Ce Prix Nobel paradoxal pour un pays où il y a de bons chercheurs dans les université et les grandes écoles, mais aucun « trouveur » en politique devrait servir de révélateur. La France est coincée. La France est bloquée. Ses dirigeants actuels sont coincés entre une Europe à laquelle ils adhèrent avec enthousiasme sans vouloir en respecter les règles, et une situation intérieure qui ne leur laisse aucune marge de manoeuvre. Le matraquage fiscal insensé a rendu le contribuable hypersensible. Les lobbys vont envahir les rues au lieu de hanter les antichambres. Toute réforme sera périlleuse pour le pouvoir y compris en son sein même. Les verts, les pastèques, sont furieux du recul sur l’écotaxe. Les radicaux, les radis vont se raidir sur la réforme territoriale. Les « frondeurs », en bons commissaires politiques, vont pourchasser le moindre soupçon de prétendu libéralisme. Le débat politique est bloqué. Il est enfermé dans le microcosme des spécialistes de la politique, qui précisément ne sont spécialistes de rien. Déconnectés du monde des vraies gens, ils n’ont qu’un problème, celui de leur réélection. Alors, leur discours abandonne tout lien avec la vérité.

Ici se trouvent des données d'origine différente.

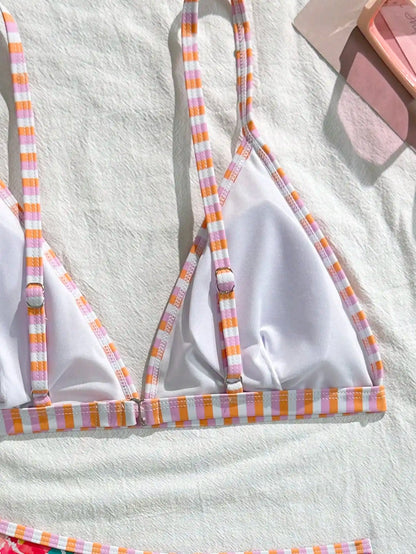 Summer Energy Floral Print Sexy Brazilian Bikini Set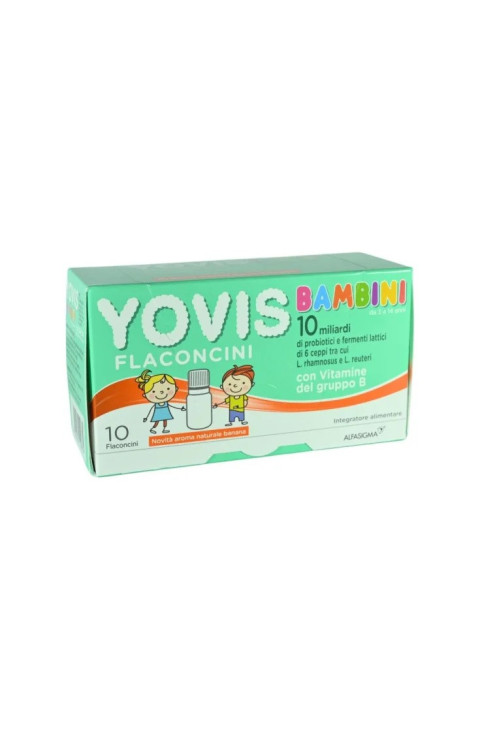 Yovis Bambini Fermenti Lattici Vitamine Gruppo B Gusto Banana, 10 Flaconcini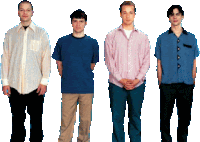 four men are standing next to each other in a row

Ils ne s’agit pas pour eux de dire ce qu’ils croient vrai ou juste, mais juste ce qu’ils croient que leurs électeurs ont envie d’entendre. Tel membre de l’UMP croyait séduire la « droite » en obligeant les chômeurs indemnisés à travailler, alors que les personnes condamnées et détenues n’y sont pas tenues. Tel socialiste, va y aller de son couplet de nounou indispensable, en dénonçant la stigmatisation du chômage, cette violence sociale, cette souffrance que notre société impose aux « sans-emplois ». Ce langage codé des politiciens est celui d’une pensée répétitive et bornée, incapable de trouver de vraies solutions aux problèmes que la France affronte, incapable de procéder aux réformes nécessaires dont elle a l’ardente obligation. Ce sont nos politiciens qui méritent la rossée, Monsieur Valls, pas la recherche française avec laquelle ils n’ont aucun rapport.